EXERCISE OBJECTIVE:
Once the line with "Sherna malone_Kirbys @The" is found in the entries below, print it and each following line exactly, stopping after the line with "Fazenda venda em"; print nothing else.

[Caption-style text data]
--- START ---
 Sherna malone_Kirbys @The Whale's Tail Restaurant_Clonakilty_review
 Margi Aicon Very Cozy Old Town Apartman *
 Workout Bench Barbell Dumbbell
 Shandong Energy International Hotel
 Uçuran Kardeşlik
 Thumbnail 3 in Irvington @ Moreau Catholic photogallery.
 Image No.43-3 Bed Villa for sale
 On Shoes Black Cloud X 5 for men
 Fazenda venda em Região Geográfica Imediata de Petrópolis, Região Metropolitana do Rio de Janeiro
--- END ---
--- START ---
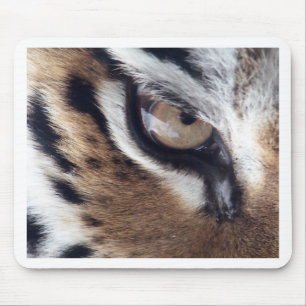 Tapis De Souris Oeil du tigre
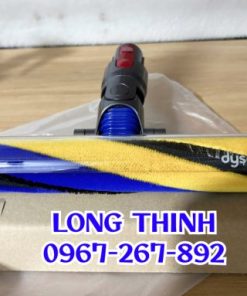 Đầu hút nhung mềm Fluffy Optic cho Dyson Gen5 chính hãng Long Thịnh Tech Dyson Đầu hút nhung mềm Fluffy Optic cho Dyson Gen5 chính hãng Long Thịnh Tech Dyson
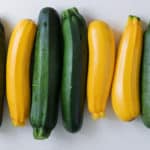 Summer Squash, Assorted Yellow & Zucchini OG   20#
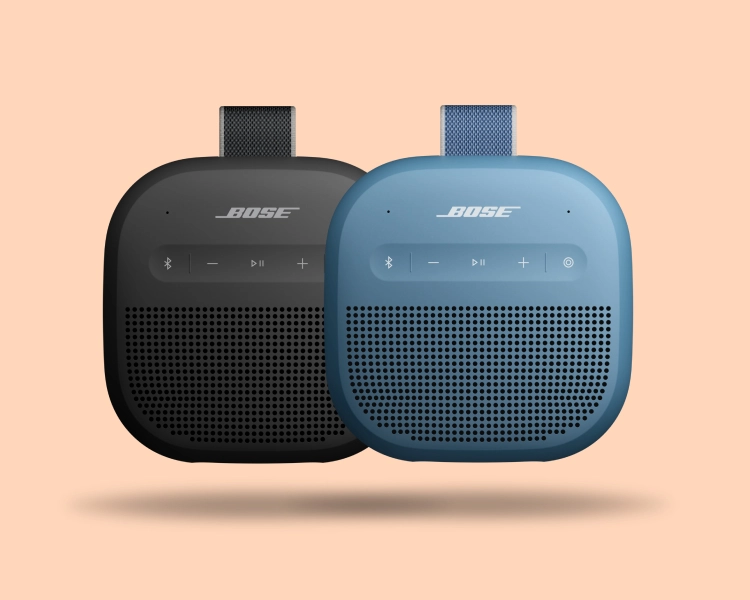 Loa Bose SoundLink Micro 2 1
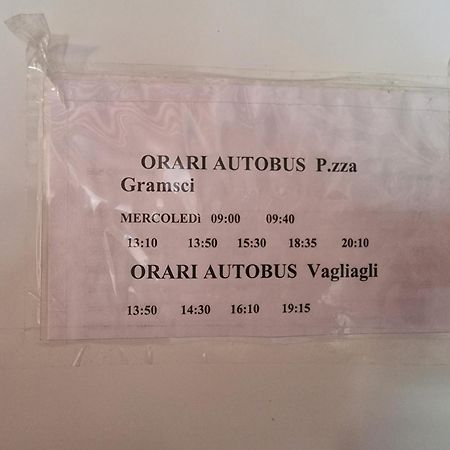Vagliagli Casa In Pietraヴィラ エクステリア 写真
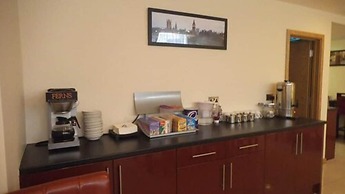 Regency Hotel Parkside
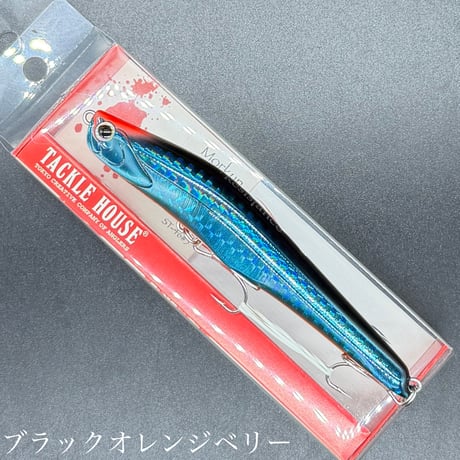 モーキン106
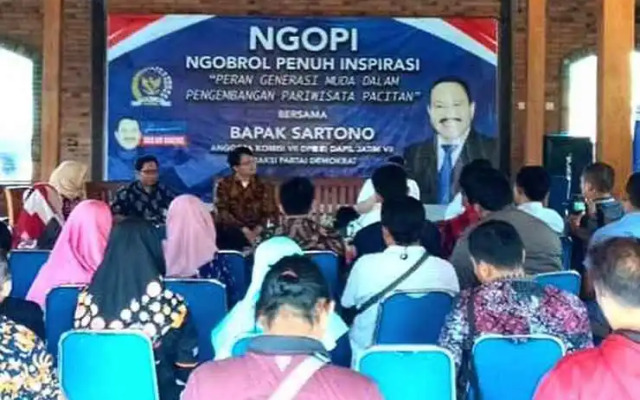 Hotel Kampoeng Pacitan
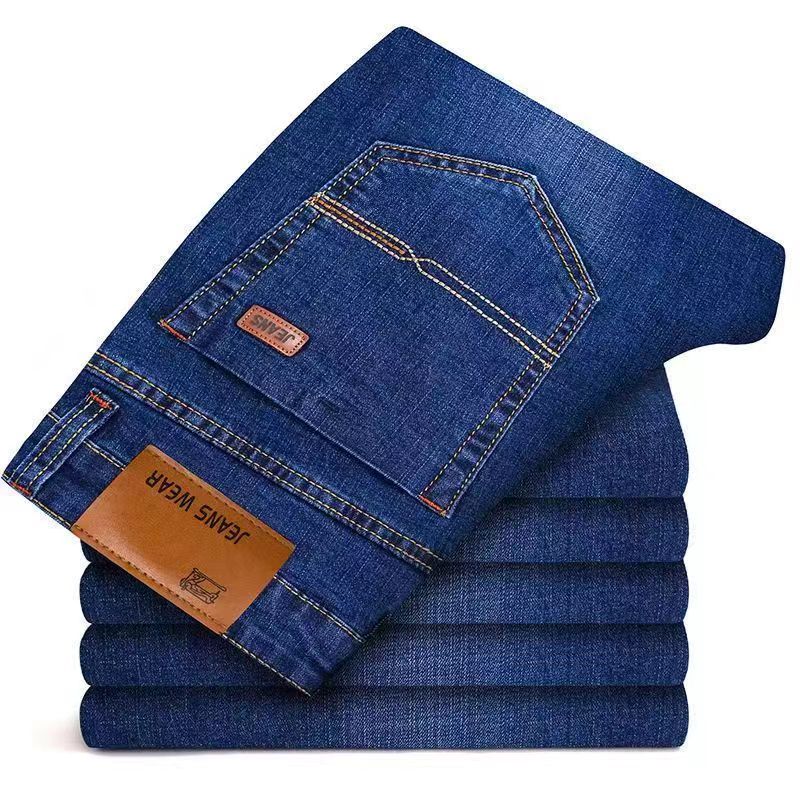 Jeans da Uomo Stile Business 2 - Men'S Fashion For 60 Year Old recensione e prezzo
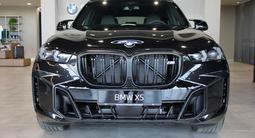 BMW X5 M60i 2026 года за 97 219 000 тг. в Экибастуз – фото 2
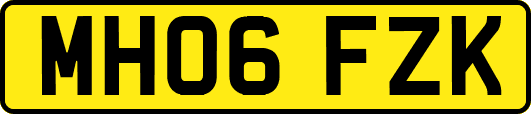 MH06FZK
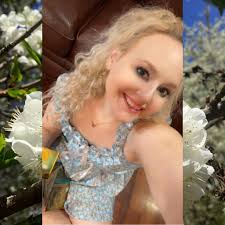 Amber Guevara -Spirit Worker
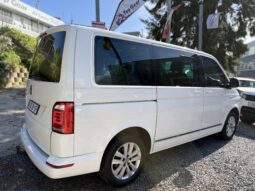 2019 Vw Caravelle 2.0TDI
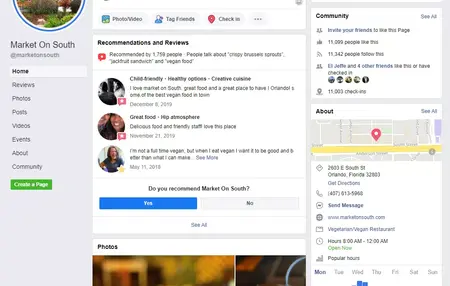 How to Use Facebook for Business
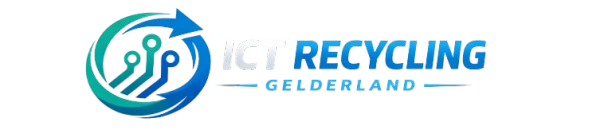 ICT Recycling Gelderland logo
--- END ---
ANSWER SECTION:
 Sherna malone_Kirbys @The Whale's Tail Restaurant_Clonakilty_review
 Margi Aicon Very Cozy Old Town Apartman *
 Workout Bench Barbell Dumbbell
 Shandong Energy International Hotel
 Uçuran Kardeşlik
 Thumbnail 3 in Irvington @ Moreau Catholic photogallery.
 Image No.43-3 Bed Villa for sale
 On Shoes Black Cloud X 5 for men
 Fazenda venda em Região Geográfica Imediata de Petrópolis, Região Metropolitana do Rio de Janeiro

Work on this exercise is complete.